Kailey starts by using her exceptional skills at the pool hall to win small bets. After a nasty encounter with a player unhappy at losing, Kailey reveals to her friend Teddy Quinette that she met her ex-husband, David, while she was running an illegal card game room. David left his studies in a seminary to marry a then-pregnant Kailey. David's mother, staunchly religious and unhappy at this turn of events, reported Kailey's illegal activities and then struck a deal with her to make her life easier in return for Kailey getting a divorce and giving away custody of Gulley. With Teddy's help, Kailey begins to organize high-stakes games against skilled players at the pool bar Teddy owns. Kailey eventually collects enough money and prepares to flee with her son in tow. On the morning of departure, she drops by David's house to speak to him for the first time in eleven years. She tells him that she is leaving with Gulley and that he will be better off with her. Kailey then handcuffs David inside the house with the aid of a replica handgun. David's wife returns to find him, and they call the police.
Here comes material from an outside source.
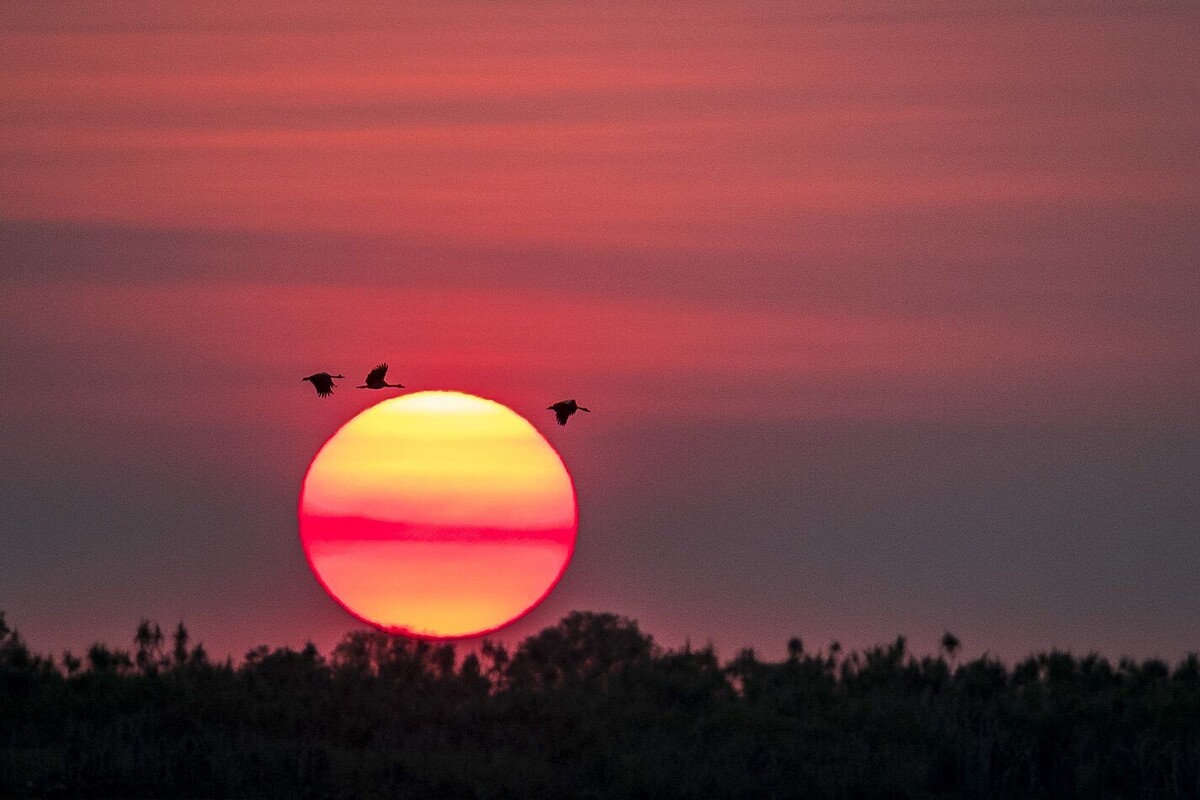 Richard I’Anson фотограф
After driving to Canada–US border, Kailey and Gulley have only to catch an early morning bus over the border. The police manage to track them down before they can leave, and Kailey is shot by police who believed her to be reaching for a firearm in her bag. It is left to the viewer to decide if she died or not. The movie ends with a flashback of Gulley walking to Quinette's pool bar for the first time to receive a postcard from his mother.

== Cast ==
- Famke Janssen as Kailey Sullivan
- Jaymie Dornan as Gulley
- Rip Torn as Teddy Quinette
- Matt Ross as David
- Lois Smith as Abigail
- Marin Hinkle as Ellen
- Terry Kinney as Markus
- Jordan Bridges as Brad
- Ari Graynor as Charlotte
- John Juback as Duncan
- Tony Robles as Ralphie
- Santo D'Asaro as Scott
- Zoe Lister Jones as Kat
- Elizabeth Atkeson as Sally
- Joseph Siravo as Warren

==Themes==
Entertainment website Variety offered the following analysis:
In casting a woman in a traditionally male role, Eigeman subtly shifts both genre and gender. His heroine adopts the iconography of the hustler movie but feminizes it: The image of a woman camping out on a pool table reads less as rugged than vulnerable. When Kailey gets beaten up, it's not for being a hustler but for being a woman, as male rage explodes on the barest pretext.

==Critical reception==
As of April 11, 2009, the review aggregator Rotten Tomatoes reported that 67% of critics gave the film positive reviews, based on 18 reviews.

==Awards==
Eigeman won the Zicherman Family Foundation Award For Best Screenwriter "for its unflinching realism, pitch perfect dialogue and three-dimensional characters in a world that is so often given to stereotypes."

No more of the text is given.